No, that's Saudi Arabia, our partners in peace.


It's always confused me... Why do you supply weapons, money and military training to the country which 9/11'd you?


In America, nothing is more sacred than cash.


Saudi Arabia following the US method...


>> We are talking about a country funding lots of militant groups that kill lots of people

I wish it was so one sided like we wish to paint it here. But starting a thread about this will only contribute to a never ending discussion thread. There is no moral high ground here. What we can do is to step away from this madness and try to make a general sense of it. All this warmongering is unneeded.


Agreed. If you look at the actions of either Iran, Saudi Arabia or Israel you can easily find many things that seem morally indefensible from a purely humanistic standpoint.

Whatever the mechanism the US has for picking it's allies, it's pretty clear that it's not simply based on some rigorous moral analysis of the different actors. As long as the Iranian regime insists on maintaining "Death to America" as their political slogan, it's understandable that the US will maintain some level of hostility. But to try and paint it as Iran being purely evil and Israel/SA being purely good (or vice versa) is disingenuous.


> There is no moral high ground here.

Ok, so if there is no moral highground here, then don't play the sympathy card about Iran not "towing the line".

Like fine. Its complicated. You were the one who originally trying to make it out to be one sided. And I am saying that this is ridiculous. They fund militant groups.

> All this warmongering is unneeded.

This is about sanctions. Not a ground invasion of Iran. It is not "warmongering" to support effective economic measures in retaliation against economic funding of militant groups.


Implementing sanctions are economic warfare supported by superior force.

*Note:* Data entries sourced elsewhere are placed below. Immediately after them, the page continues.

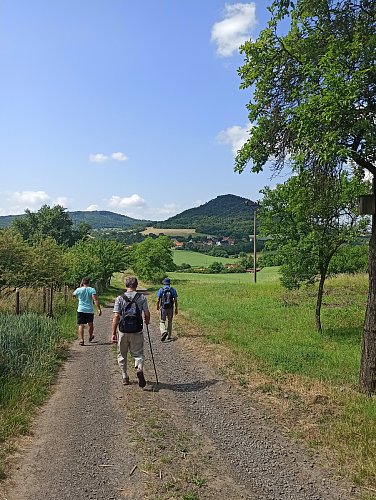 Před námi Boreč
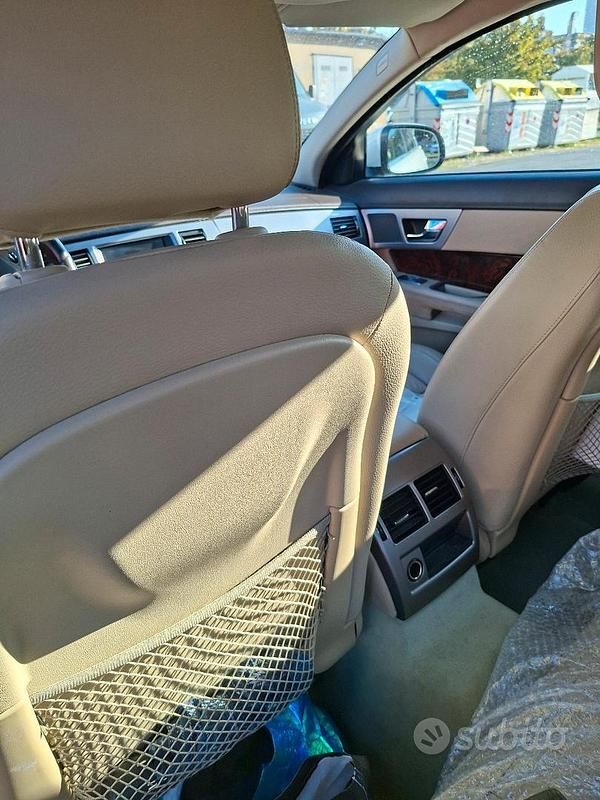 Usata 2011 Jaguar XF | 10.000 € - Immagine 1/4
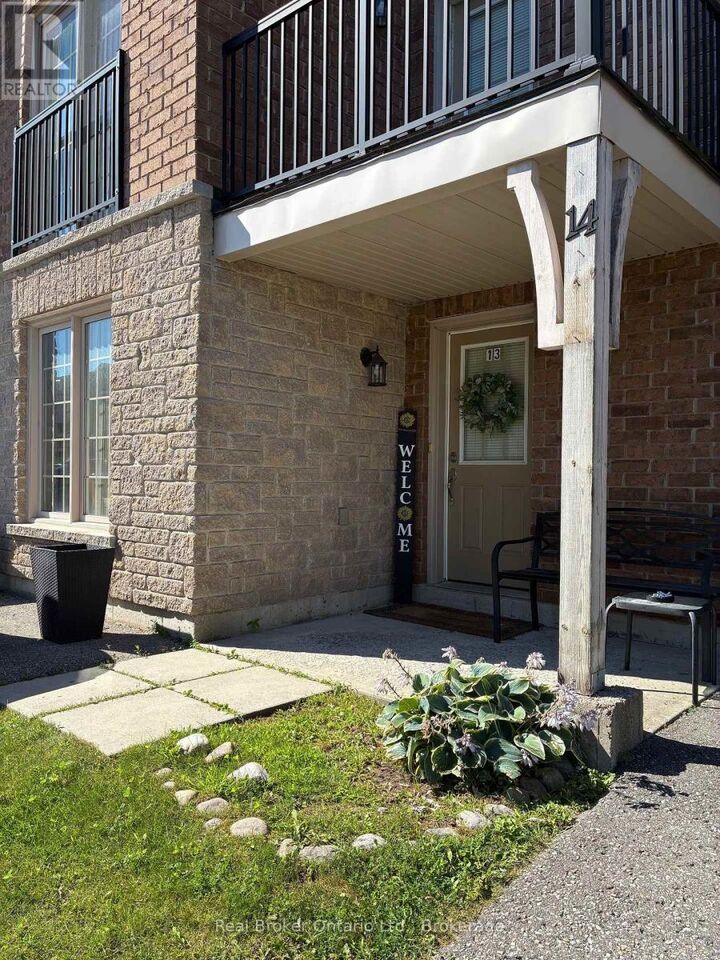 Property Photo:  175 Stanley Street 13  ON L4M 0G2 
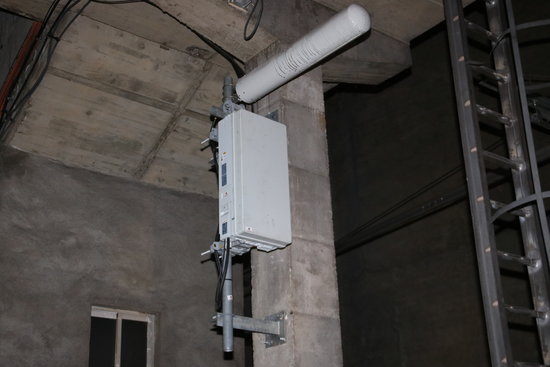 5G network router installed at Barcelona's Plaça Espanya train station (by Aina Martí)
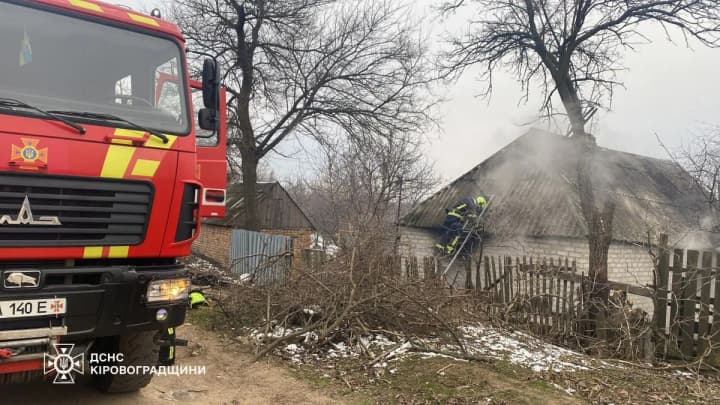 tragic-fire-in-kirovohrad-region-14-year-old-girl-killed-two-adults-in-hospital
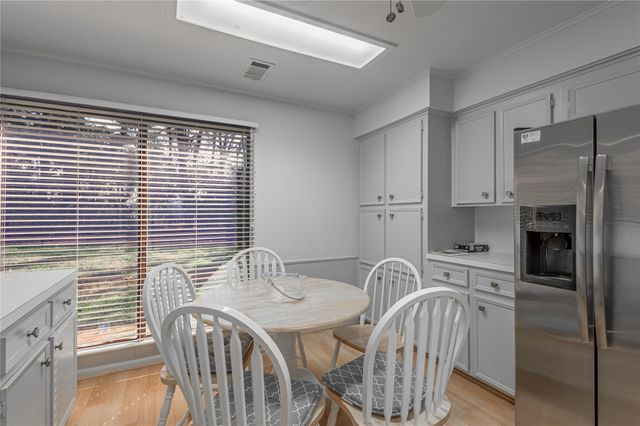 1433 Green Briar Drive, Huntsville, TX 77340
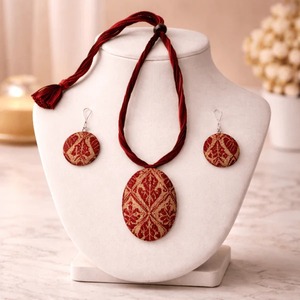 Unique Design <b>Red</b> Muga <b>Silk</b> Minimal Necklace Set with Oval Pendant Elegant Traditional Jewelry Women Festive Available For Sale - Product Image 6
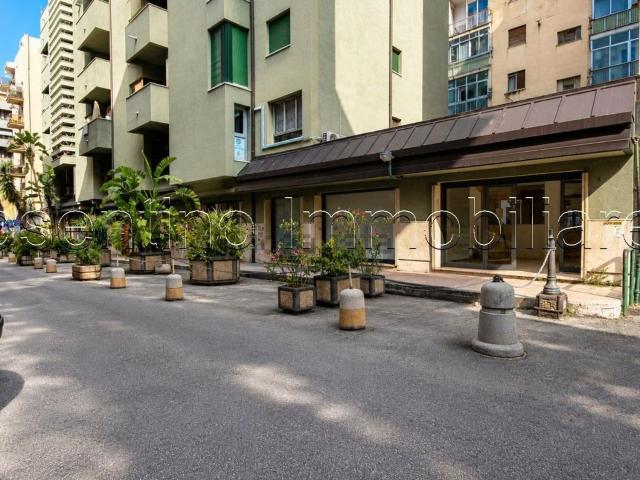 Locale in affitto di 165 m² in Via Vann&apos  Antò, 20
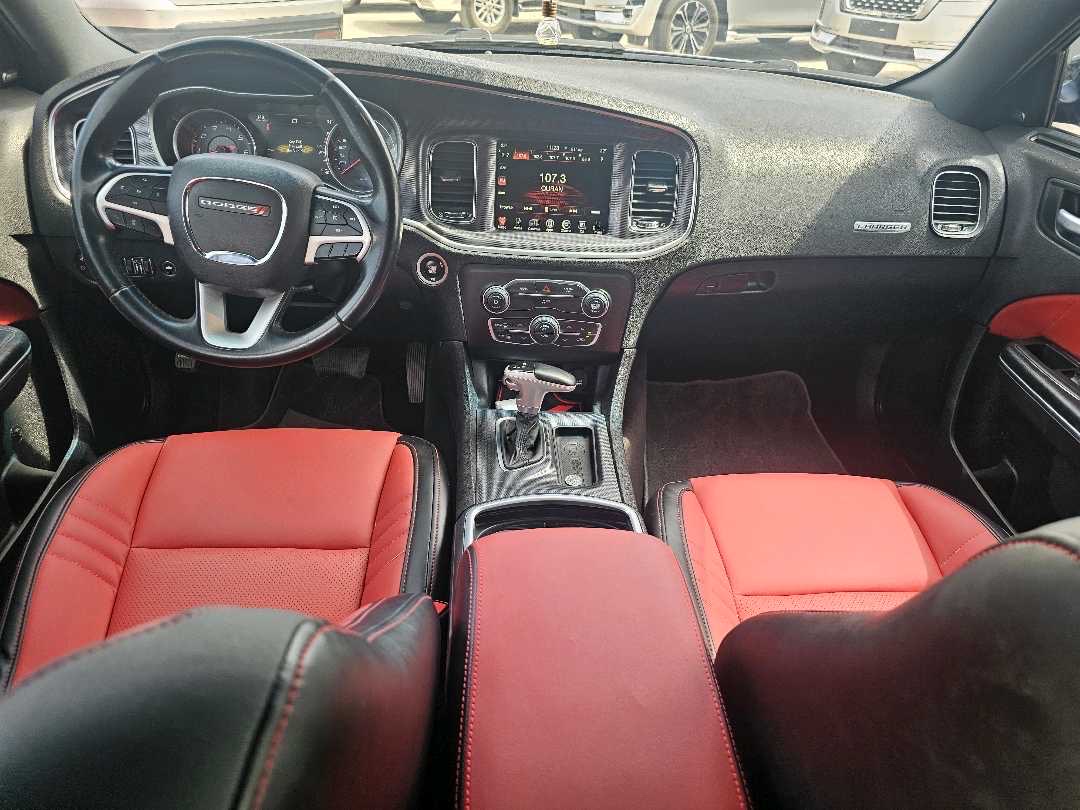 2017 Dodge Charger SXT thumbnail 3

Are you generally against "funding of militant groups", or only when somebody else does it?


> Let's be specific what we are talking about here. We are talking about a country funding lots of militant groups that kill lots of people

You know U.S. actually did fund militant groups directly a few times because we thought we can make it a better place. In fact that’s how big, powerful complicated militant groups started to rise in the Middle East and they are out of control now.

https://en.m.wikipedia.org/wiki/Operation_Cyclone Not to mention, that is kind of still on going with all the support to Saudi Arabia.

When it comes to Iran, 1953, U.S. and UK did overthrow the democratically elected Prime Minister of Iran only because his interests wasn’t aligned with ours! https://en.m.wikipedia.org/wiki/1953_Iranian_coup_d'état

Before that, During the WWII, British and Russians invaded Iran and did overthrow Iranian king because he was neutral and we needed their oil fields. https://en.m.wikipedia.org/wiki/Anglo-Soviet_invasion_of_Ira...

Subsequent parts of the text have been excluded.